Dokter Kejiwaan: Stop Viralkan Aksi Bugil ODGJ di Tempat Umum

Jakarta, Sayangi.com – Video aksi bugil yang dilakukan oleh Vionina Magdalena (26) yang viral melalui aplikasi pesan dan media sosial telah membuat publik tercengang. Vionina diduga mengalami gangguan kejiwaan. Hal ini menjadi perhatian para dokter ahli kejiwaan. Dr Andri, SpKJ, dari Klinik Psikosomatik RS Omni Alam Sutera mengatakan, merekamnya dan mengunggah video ke internet malah akan memperburuk stigma terhadap orang dengan ganggguan jiwa (ODGJ).
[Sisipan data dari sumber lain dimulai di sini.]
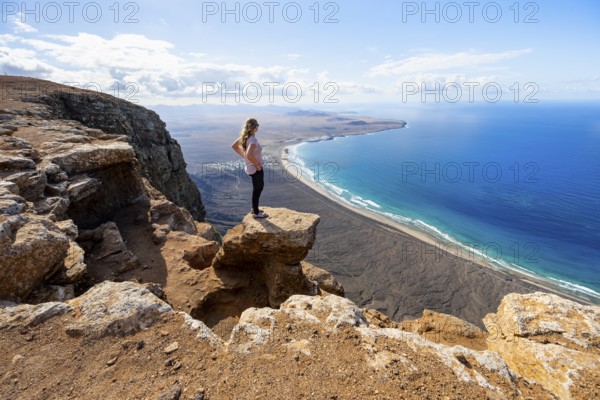 Young woman enjoying the view from the Risco de Famara cliffs to Famara beach, Playa de Famara with La Calaeta, Lanzarote, Canary Islands, Spain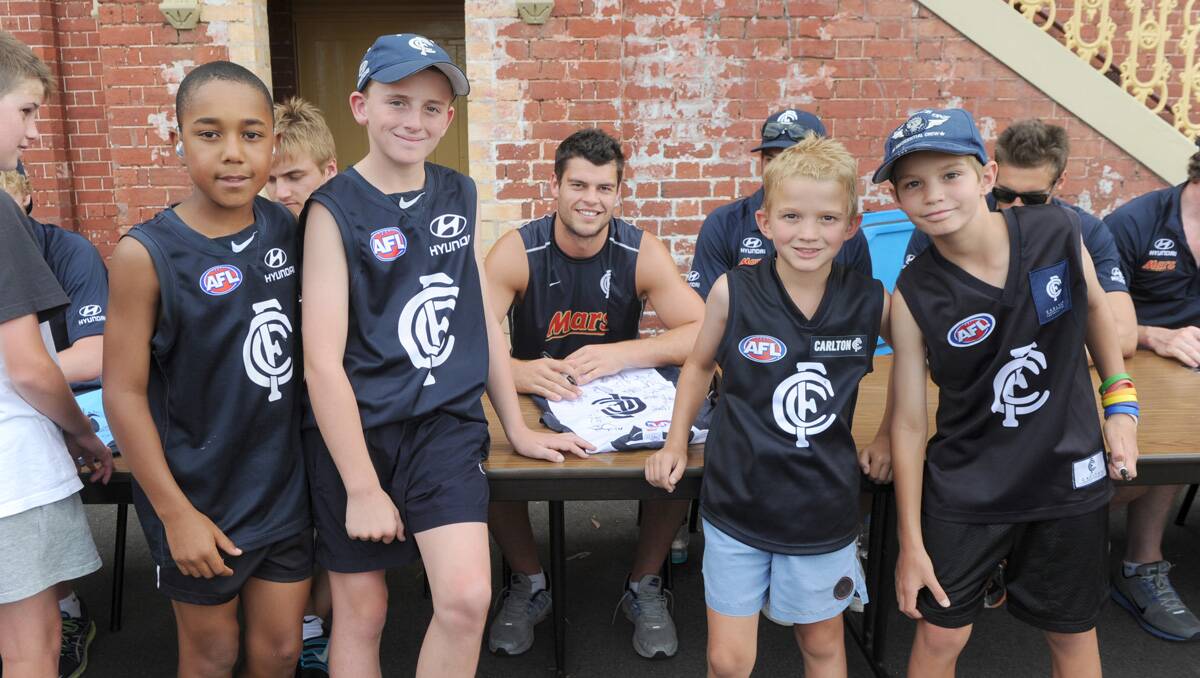 Carlton super clinic at the QEO. Fans Matt Floyd, Jacob Floyd, Billy Quirk and Max Shanahan wait to get autograhs from players. Picture: Jodie Donnellan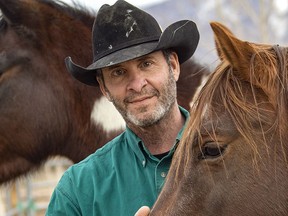 Retired NHL player Clint Malarchuk is seen with a horse in this submitted photo.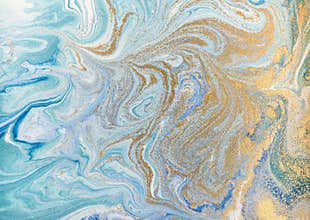 Marble abstract acrylic background. Blue marbling artwork texture. Golden glitter.
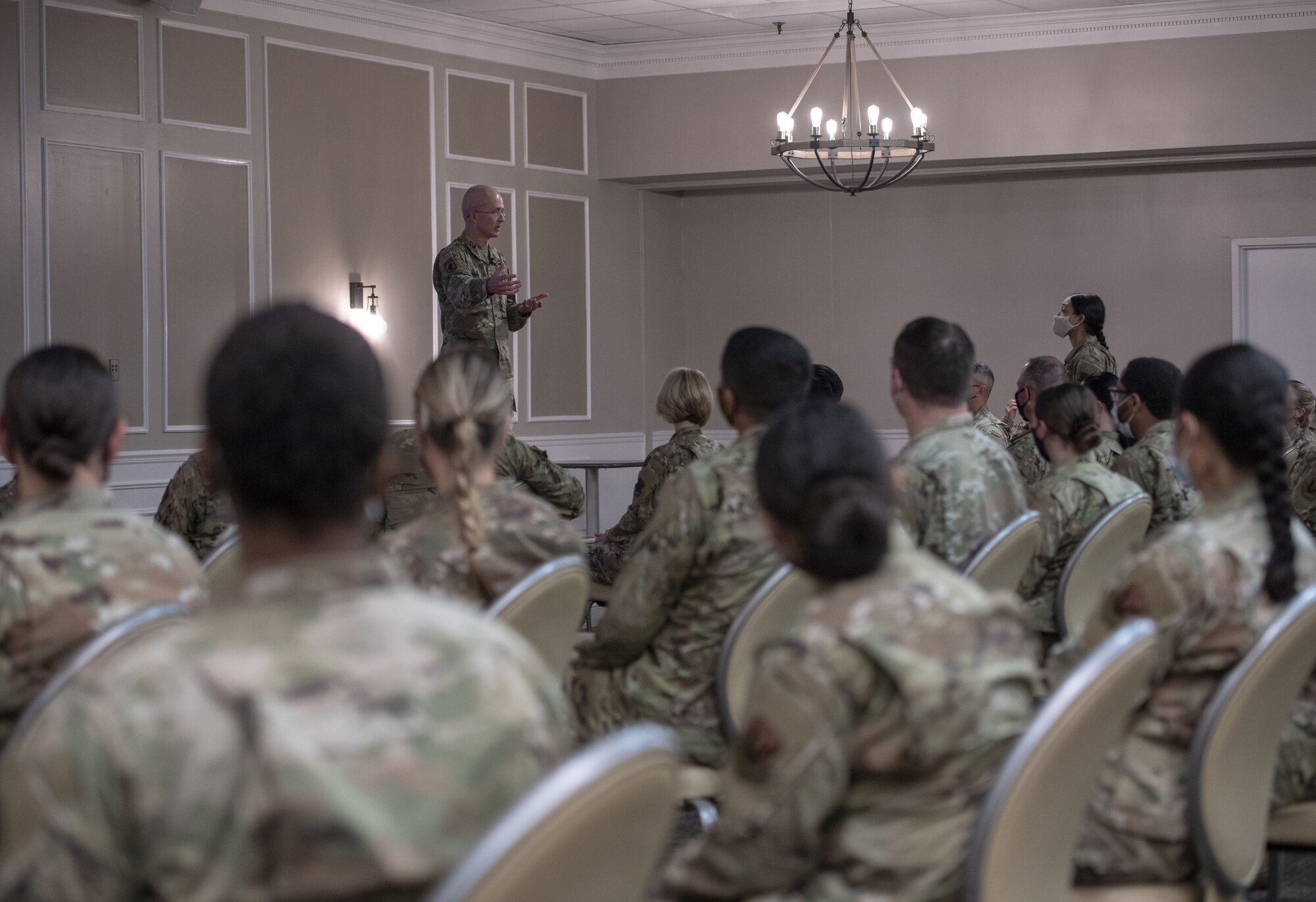 Photo of a Soldier speaking to Airmen.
Lebih lanjut Dr. Andri menyarankan, jika bertemu dengan ODGJ sebaiknya membantu dengan memberikan pakaian untuk menutupi tubuhnya.

“Lebih baik diberikan pakaian. Jangan divideokan. Kita berikan pakaian atau penutuplah minimal untuk menutup alat vitalnya. Baru hubungi pihak berwajib untuk cari pertolongan. Fokus utamanya adalah membuat mereka merasa lebih baik dulu, bukan langsung videokan dengan alasan ini seru lalu diviralkan,” ujar Dr. Andri kepada wartawan, Selasa(7/6/2017).

Dr Andri menambahkan, ODGJ yang melakukan aksi bugil berbeda dengan pengidap eksibisionisme. Kendati keduanya sama-sama dikategorikan sebagai gangguan jiwa, alasan bugil di tempat umum jelas sangat berbeda.

ODGJ yang melakukan aksi bugil di tempat umum biasanya tidak menyadari keadaan di sekitarnya. Misalnya pada pengidap skizofrenia, pergi ke luar rumah tanpa busana dilakukan karena penilaian tentang realitanya yang sudah terganggu. Sehingga mereka tidak sadar jika ke luar rumah dalam keadaan bugil atau tanpa busana.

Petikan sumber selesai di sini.